In [None]:
import pandas as pd
import matplotlib.pyplot as plt

### Custom Functions:

In [None]:
# TODO: Docstring, function converts "list-like" to string
def unpack_list_like(list_like_series:pd.core.series.Series, asType:str) -> pd.core.series.Series:
    
    # Remove open and close square brackets, single-quotes, and replace commas with forward slashes
    unpacked_series = (list_like_series.str.replace("[","")
                       .str.replace("]","")
                       .str.replace("', '","/")
                       .str.replace("\'",""))
    
    return unpacked_series.astype(asType)

### Section 1: Load and Initial Assesment
In this section, the DataFrame is loaded in raw format in two zipped parts, and concatenated. The method `.info()` of the DataFrame class is used to gather initial insights about the DataFrame.

In [None]:
# Parse the dataset parts into DataFrames and concatenate them into a single DataFrame
games_sub1 : pd.core.frame.DataFrame = pd.read_csv("datasets/games_may2024_cleaned_1of2.zip", encoding='latin1', low_memory=False)
games_sub2 : pd.core.frame.DataFrame = pd.read_csv("datasets/games_may2024_cleaned_2of2.zip", encoding='latin1', low_memory=False)

games_raw : pd.core.frame.DataFrame = pd.concat([games_sub1, games_sub2])

# Intitial Assessment (info, memory usage, shape, and head)
print("="*20 + " DataFrame Information " + "="*20)
games_raw.info()
print("="*20 + " DataFrame Information " + "="*20)

print("\n" + "="*20 + " Memory Usage " + "="*20)
print(f"{games_raw.memory_usage(deep=True).sum() / 1024**2:.2f} MB")
print("="*20 + " Memory Usage " + "="*20)

print("\n" + "="*20 + " DataFrame Shape " + "="*20)
print(games_raw.shape)
print("="*20 + " DataFrame Shape " + "="*20)

print("\n" + "="*20 + " DataFrame Head " + "="*20)
print(games_raw.head())
print("="*20 + " DataFrame Head " + "="*20)

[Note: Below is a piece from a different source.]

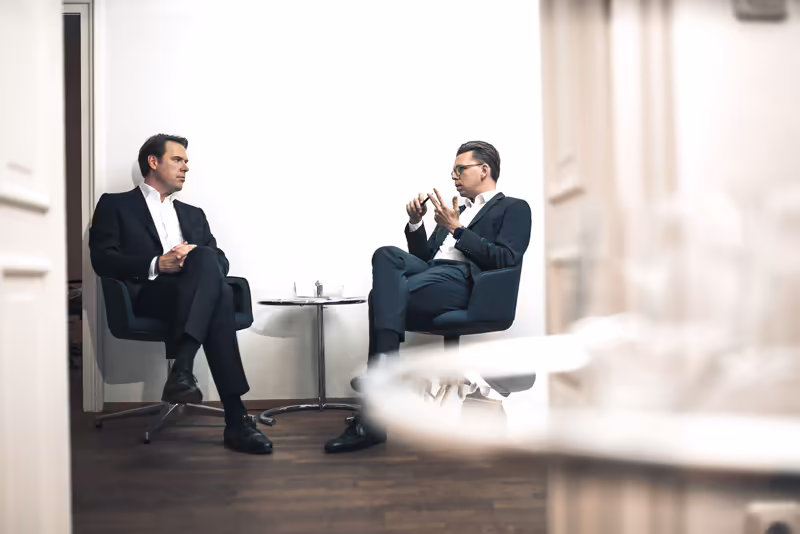 Zwei Geschäftsmänner in Anzügen führen Gespräch in modernem Büro, sitzend in Sesseln, konzentrierte Diskussion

### Section 2: Data Quality Assessment
In this section, the data values are examined to inform cleaning decisions.

In [None]:
# Find the number of NA values in each column
print("\n" + "="*20 + " NA Values" + "="*20)
print(games_raw.isna().sum())
print("="*20 + " NA Values " + "="*20)

# Find the number of unique values in each column
print("\n" + "="*20 + " Unique Values " + "="*20)
print(games_raw.nunique())
print("="*20 + " Unique Values " + "="*20)

### Section 3: Cleaning Decisions
In this section, the DataFrame is cleaned based on the analysis of the previous section, as well as the return of the `.head()` method in Section 1. Section 1 is used to inform type casting decisions, and Section 2 is used to provide early warning of type casting errors.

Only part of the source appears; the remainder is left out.